_What you are asked to do_:
Output the entries word for word. Omit images.
↓↓↓
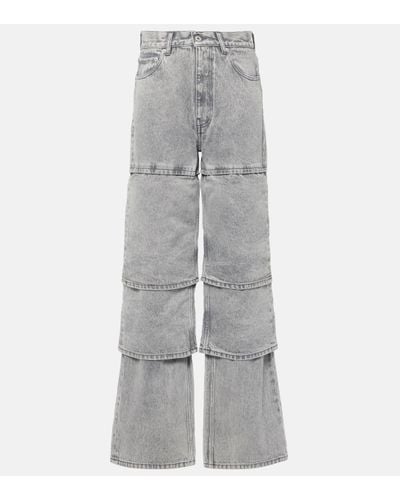 Y. Project Multi Cuff Straight Jeans - Grey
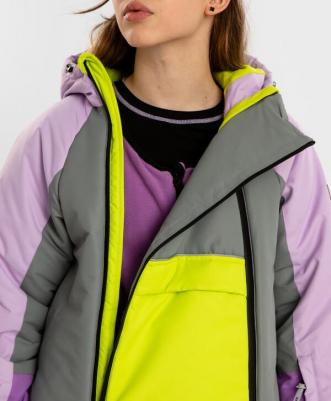 Пальто зимнее непромокаемоеи манжетами-митенками мультицвет, 98, 224BBGA4601 – фото 9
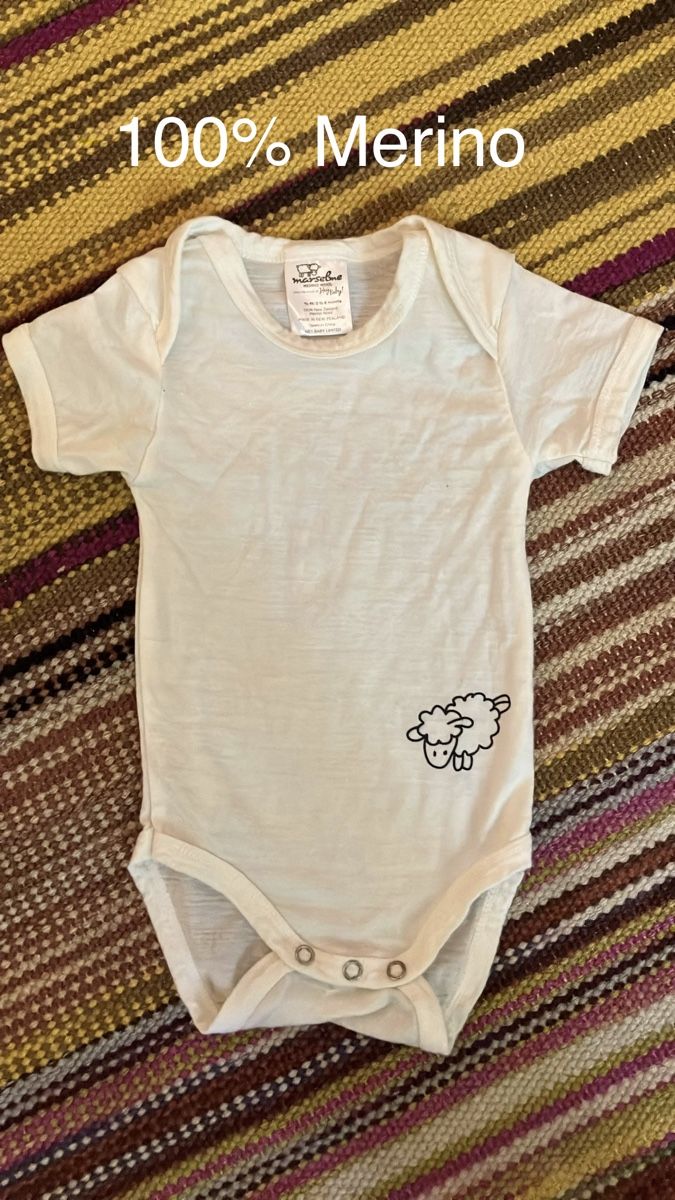 Biancheria intima: Body 0-6 Monate 100% Merino – Usato da Zürich venduto da juliearlt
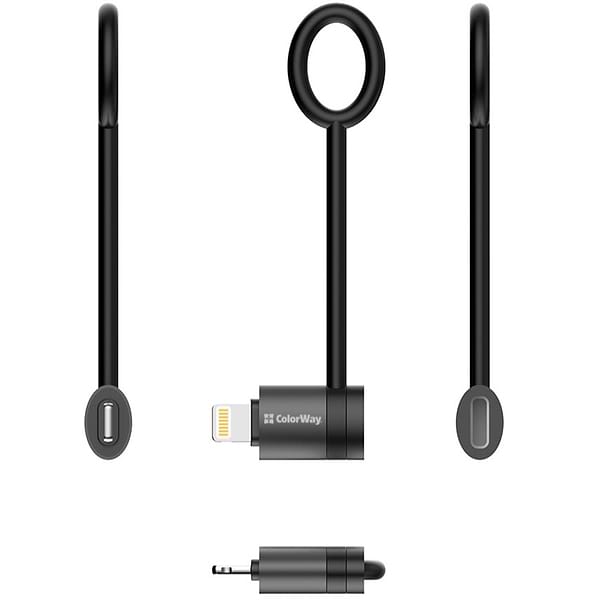Фото - Переходник Colorway Lightning To USB-C Black (CW-AD-LC)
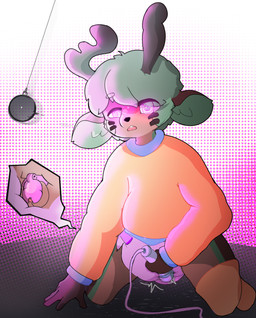 anthro antlers balls blush bodily_fluids bound camera camera_view caught_in_the_act chastity_cage chastity_device clean_diaper clothed clothing cum diaper embarrassed erection forced genital_fluids genitals horn humanoid_genitalia humiliation hypnosis hypnotic_eyes hypnotic_screen male mind_control open_mouth penile penis pink_chastity_cage ringed_eyes sex_toy simple_background smile solid_chastity_cage solo submissive submissive_male tail text vibrator vibrator_on_diaper vibrator_on_penis wand_vibrator wearing_chastity_cage wearing_chastity_device sebsorsomthin deer mammal english_text hi_res signature
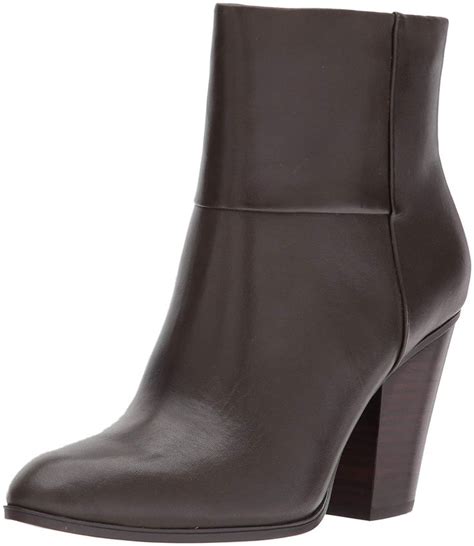 nine west footwear women s hollie leather ankle boot boots women shoes ankle boot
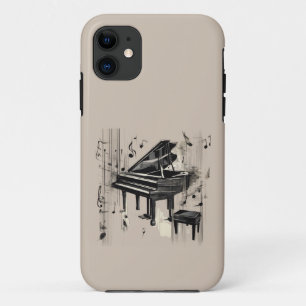 Abstract Piano Art iPhone 11 Case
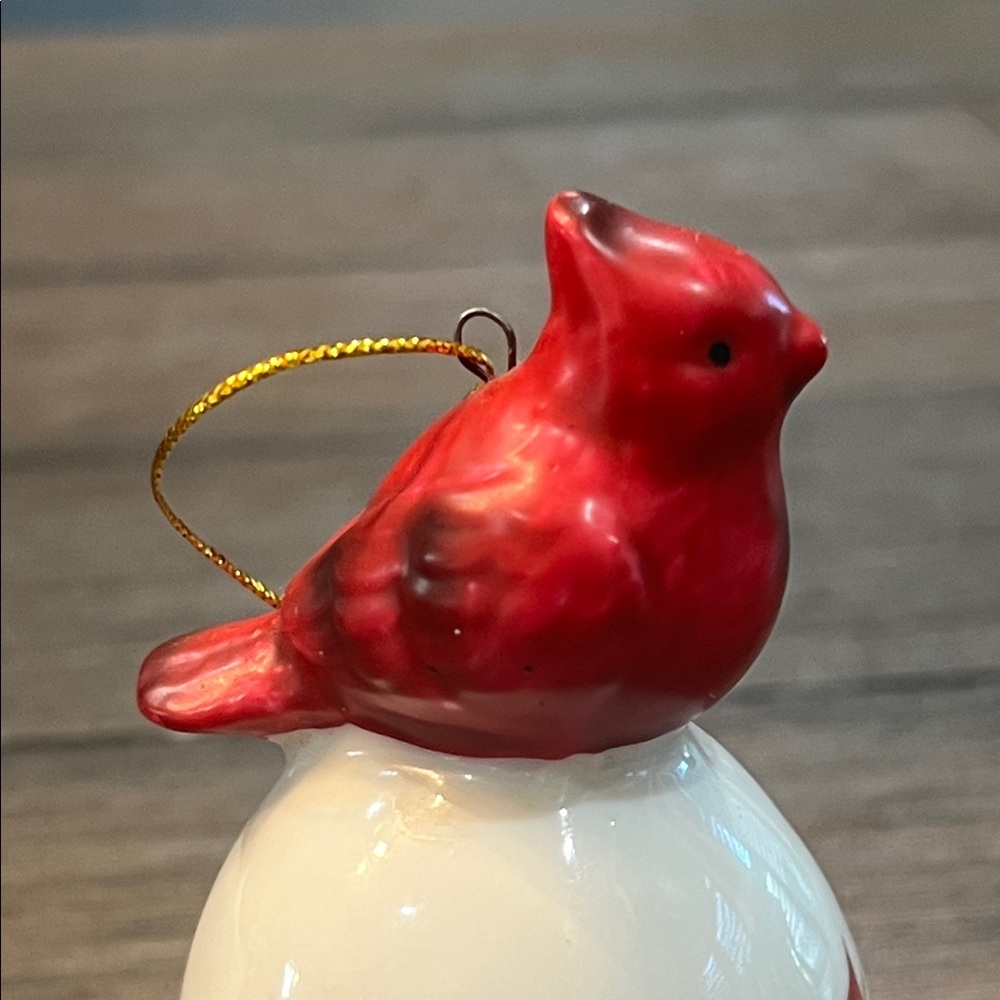 Festive Red Cardinal Holiday Ornament/Bell - Picture 8 of 16
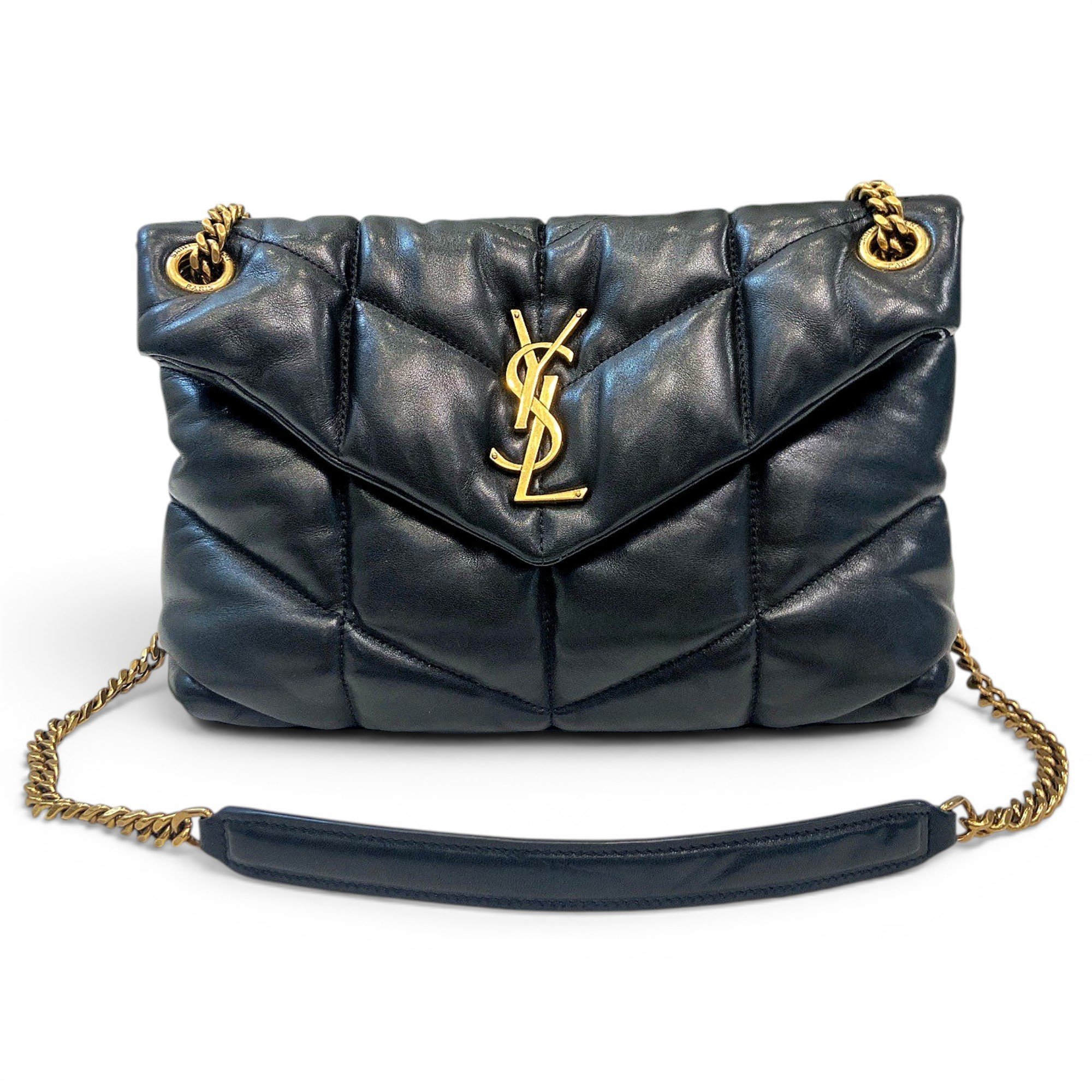 Loulou Puffer leather handbag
↑↑↑
_Answer below_:
 Y. Project Multi Cuff Straight Jeans - Grey
 Пальто зимнее непромокаемоеи манжетами-митенками мультицвет, 98, 224BBGA4601 – фото 9
 Biancheria intima: Body 0-6 Monate 100% Merino – Usato da Zürich venduto da juliearlt
Фото - Переходник Colorway Lightning To USB-C Black (CW-AD-LC)
 anthro antlers balls blush bodily_fluids bound camera camera_view caught_in_the_act chastity_cage chastity_device clean_diaper clothed clothing cum diaper embarrassed erection forced genital_fluids genitals horn humanoid_genitalia humiliation hypnosis hypnotic_eyes hypnotic_screen male mind_control open_mouth penile penis pink_chastity_cage ringed_eyes sex_toy simple_background smile solid_chastity_cage solo submissive submissive_male tail text vibrator vibrator_on_diaper vibrator_on_penis wand_vibrator wearing_chastity_cage wearing_chastity_device sebsorsomthin deer mammal english_text hi_res signature
 nine west footwear women s hollie leather ankle boot boots women shoes ankle boot
 Abstract Piano Art iPhone 11 Case
 Festive Red Cardinal Holiday Ornament/Bell - Picture 8 of 16
 Loulou Puffer leather handbag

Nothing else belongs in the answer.